Record set →
···

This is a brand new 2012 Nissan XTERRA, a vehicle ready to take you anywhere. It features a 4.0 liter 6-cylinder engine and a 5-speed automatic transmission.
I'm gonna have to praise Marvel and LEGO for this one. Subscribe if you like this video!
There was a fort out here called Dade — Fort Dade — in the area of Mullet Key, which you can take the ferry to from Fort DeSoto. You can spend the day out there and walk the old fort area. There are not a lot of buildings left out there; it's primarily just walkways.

···

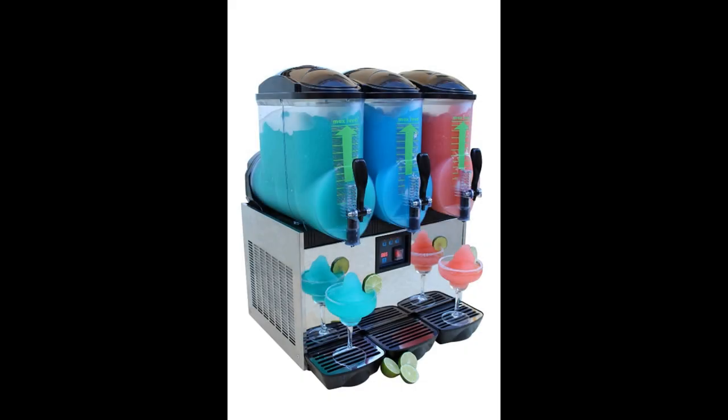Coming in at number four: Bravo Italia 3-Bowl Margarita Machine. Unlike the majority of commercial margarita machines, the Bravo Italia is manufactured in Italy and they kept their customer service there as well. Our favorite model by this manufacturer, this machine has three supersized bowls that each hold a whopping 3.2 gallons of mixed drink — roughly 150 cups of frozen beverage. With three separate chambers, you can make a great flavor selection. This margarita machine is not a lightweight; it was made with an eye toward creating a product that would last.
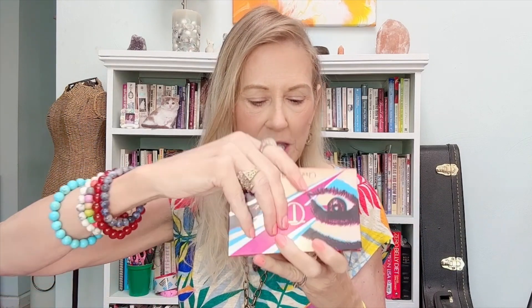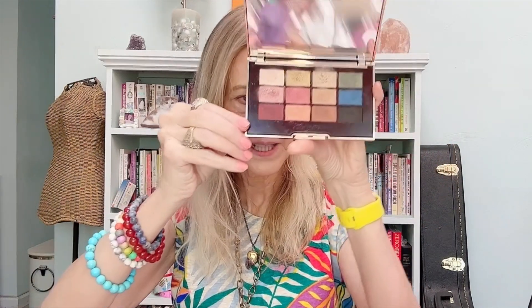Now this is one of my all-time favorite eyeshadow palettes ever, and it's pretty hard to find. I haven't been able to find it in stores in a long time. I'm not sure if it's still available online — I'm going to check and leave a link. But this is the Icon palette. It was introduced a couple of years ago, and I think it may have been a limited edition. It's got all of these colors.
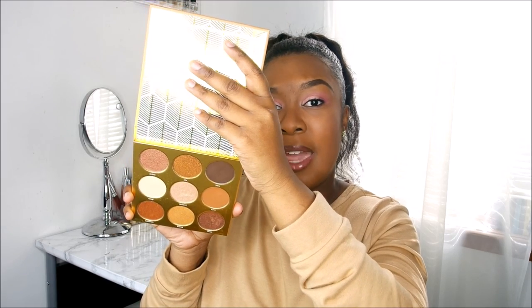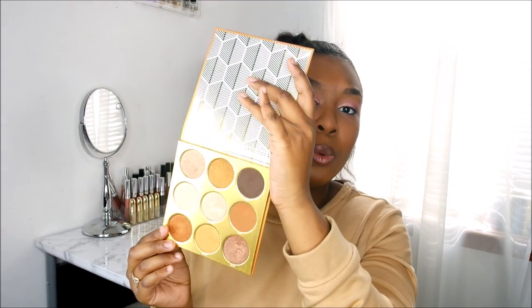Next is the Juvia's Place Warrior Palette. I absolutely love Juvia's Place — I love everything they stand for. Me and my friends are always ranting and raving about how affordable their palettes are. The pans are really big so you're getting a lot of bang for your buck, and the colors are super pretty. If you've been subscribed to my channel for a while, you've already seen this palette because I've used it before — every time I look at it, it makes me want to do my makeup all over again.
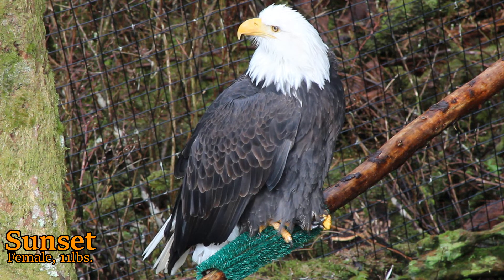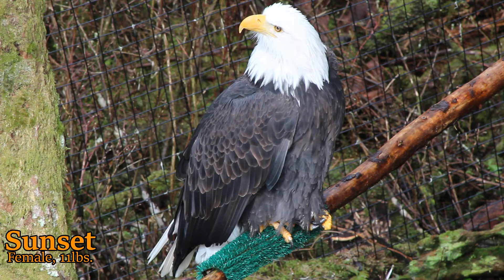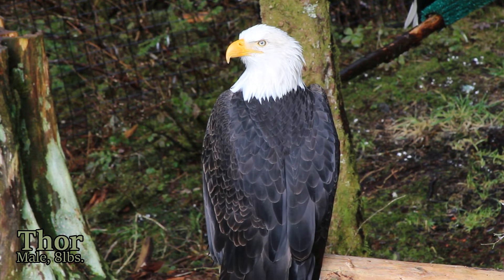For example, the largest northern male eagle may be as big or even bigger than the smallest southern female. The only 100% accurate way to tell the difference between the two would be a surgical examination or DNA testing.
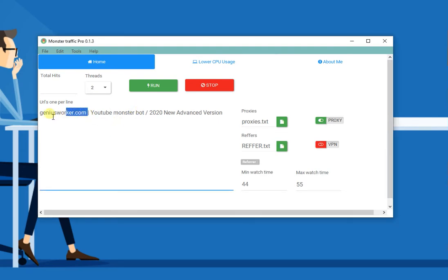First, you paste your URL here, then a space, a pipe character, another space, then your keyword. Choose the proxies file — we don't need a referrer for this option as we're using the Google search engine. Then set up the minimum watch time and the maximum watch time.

···

Exercise directions →
Copy out, exactly and alone, the lines of the entries above between the ones holding "This is a brand" and "There was a", inclusive.

Task response →
This is a brand new 2012 Nissan XTERRA, a vehicle ready to take you anywhere. It features a 4.0 liter 6-cylinder engine and a 5-speed automatic transmission.
I'm gonna have to praise Marvel and LEGO for this one. Subscribe if you like this video!
There was a fort out here called Dade — Fort Dade — in the area of Mullet Key, which you can take the ferry to from Fort DeSoto. You can spend the day out there and walk the old fort area. There are not a lot of buildings left out there; it's primarily just walkways.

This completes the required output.